→ Task to carry out
Locate each line below that includes "Coffee" and reproduce it.

(Records from a collection)

----------------------------------------

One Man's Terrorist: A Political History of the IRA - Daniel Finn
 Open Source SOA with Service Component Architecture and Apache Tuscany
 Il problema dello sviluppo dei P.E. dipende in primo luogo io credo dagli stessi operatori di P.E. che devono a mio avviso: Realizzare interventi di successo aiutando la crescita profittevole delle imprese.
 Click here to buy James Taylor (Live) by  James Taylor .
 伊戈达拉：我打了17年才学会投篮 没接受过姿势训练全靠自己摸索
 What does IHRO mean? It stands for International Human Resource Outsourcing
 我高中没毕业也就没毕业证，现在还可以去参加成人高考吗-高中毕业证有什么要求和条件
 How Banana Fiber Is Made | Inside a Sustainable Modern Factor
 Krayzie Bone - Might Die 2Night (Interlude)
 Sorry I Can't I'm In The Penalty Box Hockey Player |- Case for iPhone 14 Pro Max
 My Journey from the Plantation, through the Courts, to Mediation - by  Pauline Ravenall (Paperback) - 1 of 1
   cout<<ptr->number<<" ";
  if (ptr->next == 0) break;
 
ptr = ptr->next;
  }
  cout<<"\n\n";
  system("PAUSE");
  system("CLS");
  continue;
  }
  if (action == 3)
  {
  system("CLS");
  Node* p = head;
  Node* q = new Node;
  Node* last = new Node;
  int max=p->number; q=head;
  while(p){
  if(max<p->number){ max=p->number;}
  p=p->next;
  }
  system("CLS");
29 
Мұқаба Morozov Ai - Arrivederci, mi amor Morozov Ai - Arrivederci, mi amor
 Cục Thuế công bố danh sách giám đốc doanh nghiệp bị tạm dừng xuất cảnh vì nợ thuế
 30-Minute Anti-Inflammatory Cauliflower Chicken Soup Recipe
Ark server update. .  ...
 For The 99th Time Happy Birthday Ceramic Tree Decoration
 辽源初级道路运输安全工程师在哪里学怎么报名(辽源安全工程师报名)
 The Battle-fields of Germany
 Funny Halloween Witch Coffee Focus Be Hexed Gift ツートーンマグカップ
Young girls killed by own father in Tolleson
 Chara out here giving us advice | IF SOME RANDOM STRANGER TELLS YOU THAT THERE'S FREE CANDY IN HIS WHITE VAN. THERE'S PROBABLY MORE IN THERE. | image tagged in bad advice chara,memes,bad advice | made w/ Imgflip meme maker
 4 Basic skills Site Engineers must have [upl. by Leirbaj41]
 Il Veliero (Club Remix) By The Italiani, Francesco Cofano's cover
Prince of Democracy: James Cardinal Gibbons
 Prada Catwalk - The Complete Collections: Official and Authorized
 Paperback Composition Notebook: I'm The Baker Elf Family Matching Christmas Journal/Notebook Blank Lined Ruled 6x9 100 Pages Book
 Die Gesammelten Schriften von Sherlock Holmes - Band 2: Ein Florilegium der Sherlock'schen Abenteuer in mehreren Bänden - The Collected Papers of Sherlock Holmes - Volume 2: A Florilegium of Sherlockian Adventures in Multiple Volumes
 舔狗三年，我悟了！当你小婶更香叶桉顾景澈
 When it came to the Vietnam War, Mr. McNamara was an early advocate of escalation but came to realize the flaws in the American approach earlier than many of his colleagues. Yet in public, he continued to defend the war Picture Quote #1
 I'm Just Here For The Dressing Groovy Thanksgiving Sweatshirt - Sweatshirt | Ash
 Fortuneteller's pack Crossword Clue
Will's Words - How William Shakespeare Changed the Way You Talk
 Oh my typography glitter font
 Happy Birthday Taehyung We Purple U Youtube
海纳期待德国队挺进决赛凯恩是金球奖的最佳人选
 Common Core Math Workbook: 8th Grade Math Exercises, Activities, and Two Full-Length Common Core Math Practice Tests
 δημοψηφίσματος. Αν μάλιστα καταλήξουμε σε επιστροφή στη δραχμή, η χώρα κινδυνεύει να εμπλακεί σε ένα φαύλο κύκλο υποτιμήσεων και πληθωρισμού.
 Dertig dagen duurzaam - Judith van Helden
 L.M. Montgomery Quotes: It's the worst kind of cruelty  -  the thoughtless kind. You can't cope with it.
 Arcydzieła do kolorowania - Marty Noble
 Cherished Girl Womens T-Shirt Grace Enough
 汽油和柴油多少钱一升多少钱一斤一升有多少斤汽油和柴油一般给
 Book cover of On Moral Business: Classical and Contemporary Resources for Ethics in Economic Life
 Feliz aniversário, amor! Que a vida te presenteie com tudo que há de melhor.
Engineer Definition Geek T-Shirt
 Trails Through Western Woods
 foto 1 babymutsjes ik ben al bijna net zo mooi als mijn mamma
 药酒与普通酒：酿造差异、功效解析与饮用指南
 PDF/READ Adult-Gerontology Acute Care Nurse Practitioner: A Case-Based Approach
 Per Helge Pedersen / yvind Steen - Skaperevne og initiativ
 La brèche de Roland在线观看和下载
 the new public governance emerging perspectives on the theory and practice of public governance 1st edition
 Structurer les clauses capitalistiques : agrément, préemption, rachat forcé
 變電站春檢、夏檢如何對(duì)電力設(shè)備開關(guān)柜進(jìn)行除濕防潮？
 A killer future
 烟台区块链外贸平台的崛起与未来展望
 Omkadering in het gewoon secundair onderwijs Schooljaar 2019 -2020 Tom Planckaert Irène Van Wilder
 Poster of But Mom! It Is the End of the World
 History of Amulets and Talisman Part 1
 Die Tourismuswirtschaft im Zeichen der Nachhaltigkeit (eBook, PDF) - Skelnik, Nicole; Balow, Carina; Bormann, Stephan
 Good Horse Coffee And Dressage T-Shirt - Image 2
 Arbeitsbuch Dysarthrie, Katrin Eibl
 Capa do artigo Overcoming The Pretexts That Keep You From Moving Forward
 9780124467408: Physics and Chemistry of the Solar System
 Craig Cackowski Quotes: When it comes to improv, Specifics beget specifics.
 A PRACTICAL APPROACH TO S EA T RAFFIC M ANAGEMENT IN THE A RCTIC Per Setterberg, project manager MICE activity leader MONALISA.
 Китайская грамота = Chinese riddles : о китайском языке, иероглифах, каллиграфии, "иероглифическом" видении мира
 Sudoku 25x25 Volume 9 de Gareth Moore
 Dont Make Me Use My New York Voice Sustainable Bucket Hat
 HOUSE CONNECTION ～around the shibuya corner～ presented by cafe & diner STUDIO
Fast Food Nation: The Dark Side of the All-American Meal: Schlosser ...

----------------------------------------

→ Response to this exercise
 Funny Halloween Witch Coffee Focus Be Hexed Gift ツートーンマグカップ
 Good Horse Coffee And Dressage T-Shirt - Image 2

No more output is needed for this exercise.